*What is being asked:* Take the records below and set down exactly the lines from the one with "How a small" to the one with "Mojave Desert Tortoise", ends included; do not copy the pictures.

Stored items
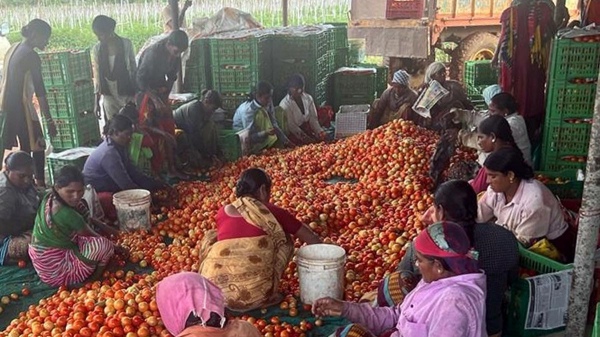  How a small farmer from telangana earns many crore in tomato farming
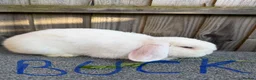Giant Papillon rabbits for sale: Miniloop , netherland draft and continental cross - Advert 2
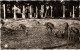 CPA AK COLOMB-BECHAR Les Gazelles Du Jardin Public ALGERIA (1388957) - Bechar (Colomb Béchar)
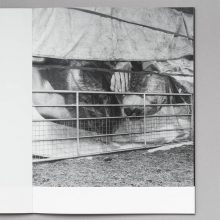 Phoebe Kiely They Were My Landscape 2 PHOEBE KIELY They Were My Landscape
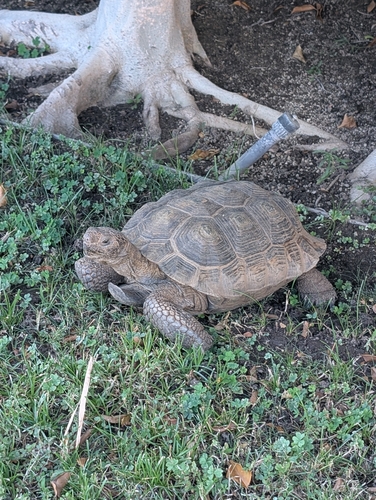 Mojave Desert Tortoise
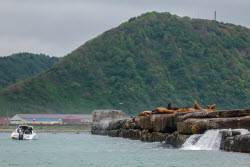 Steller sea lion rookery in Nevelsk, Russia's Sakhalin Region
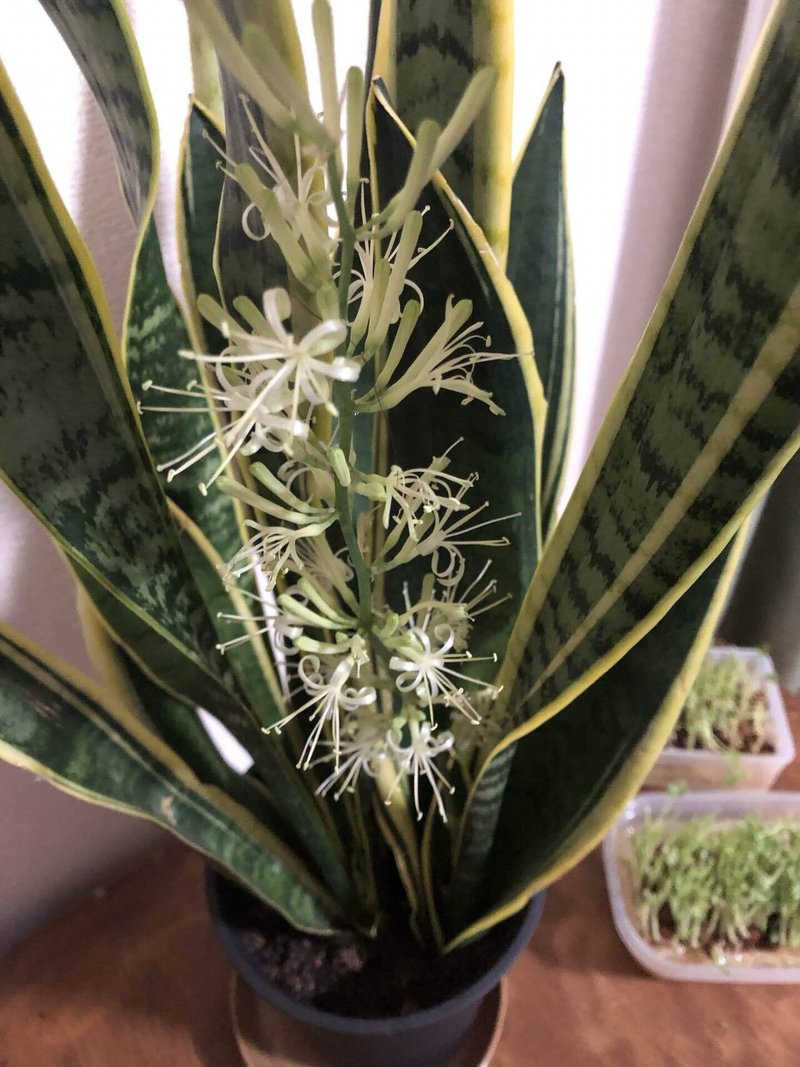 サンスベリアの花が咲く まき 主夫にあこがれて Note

---

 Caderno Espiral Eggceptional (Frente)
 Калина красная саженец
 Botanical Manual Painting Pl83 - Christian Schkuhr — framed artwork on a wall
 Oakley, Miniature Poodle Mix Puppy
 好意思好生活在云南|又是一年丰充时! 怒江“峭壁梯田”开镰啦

...

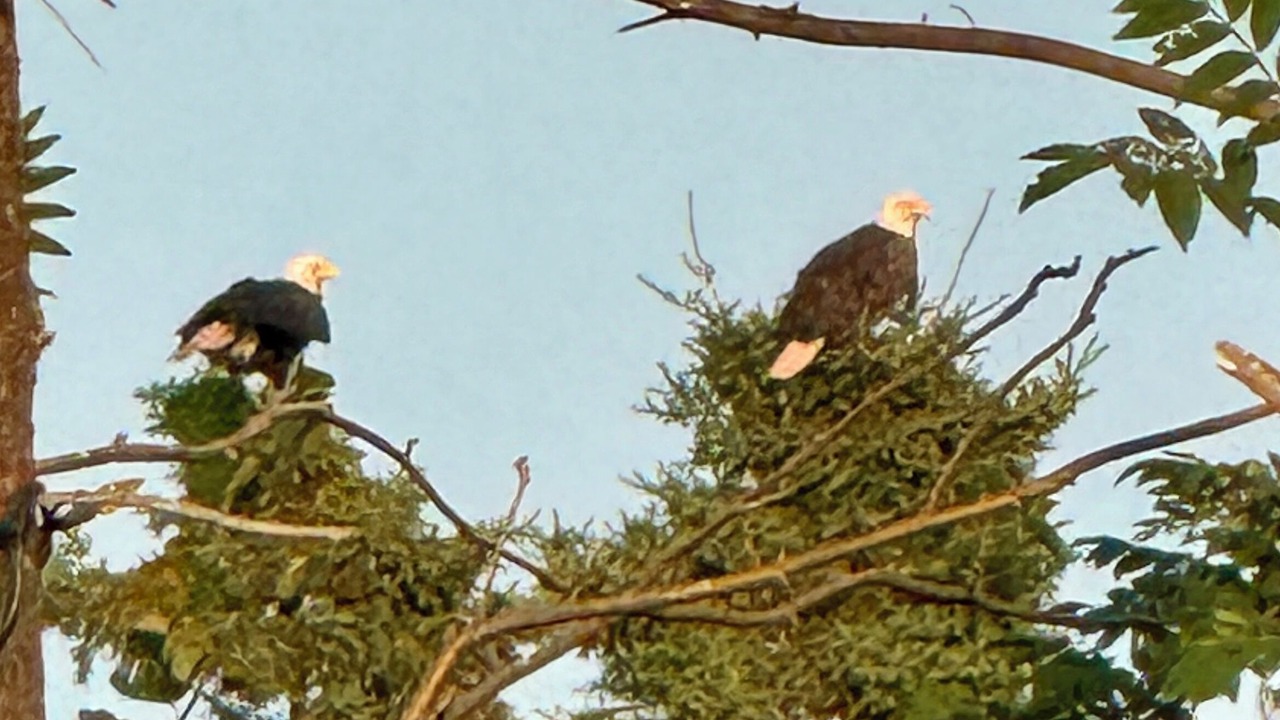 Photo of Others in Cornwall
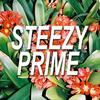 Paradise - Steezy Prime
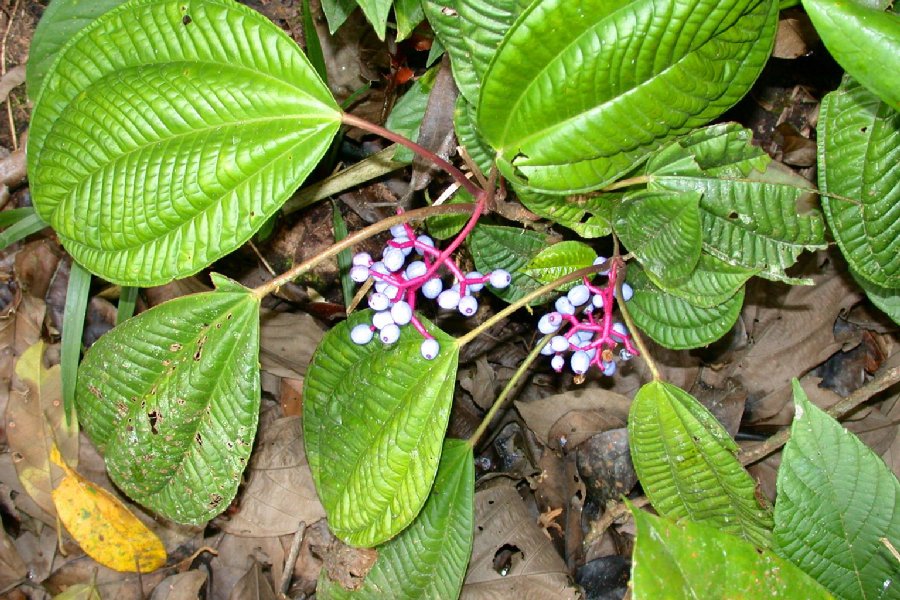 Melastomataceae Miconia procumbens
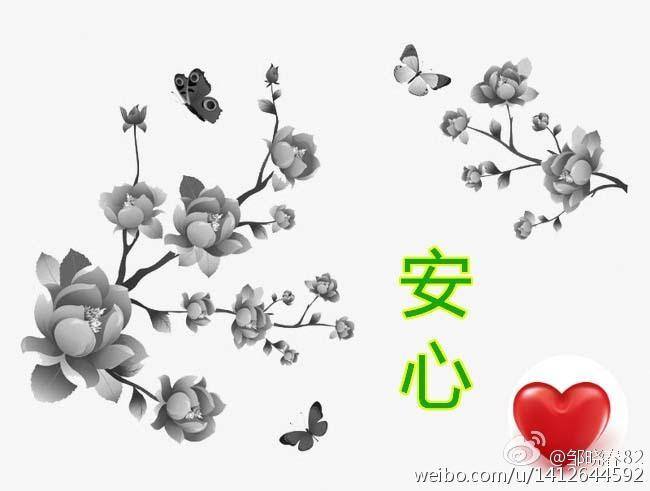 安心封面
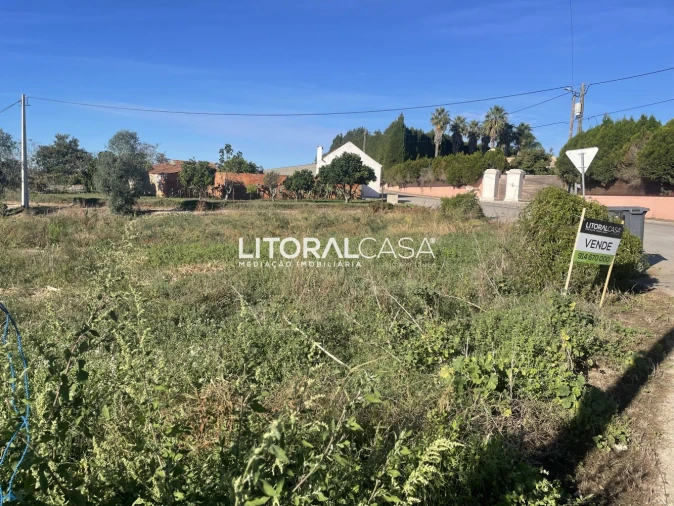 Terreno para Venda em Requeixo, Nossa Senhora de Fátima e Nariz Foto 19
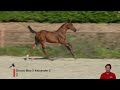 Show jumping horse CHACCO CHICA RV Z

*Exercise result:*
  How a small farmer from telangana earns many crore in tomato farming
Giant Papillon rabbits for sale: Miniloop , netherland draft and continental cross - Advert 2
 CPA AK COLOMB-BECHAR Les Gazelles Du Jardin Public ALGERIA (1388957) - Bechar (Colomb Béchar)
 Phoebe Kiely They Were My Landscape 2 PHOEBE KIELY They Were My Landscape
 Mojave Desert Tortoise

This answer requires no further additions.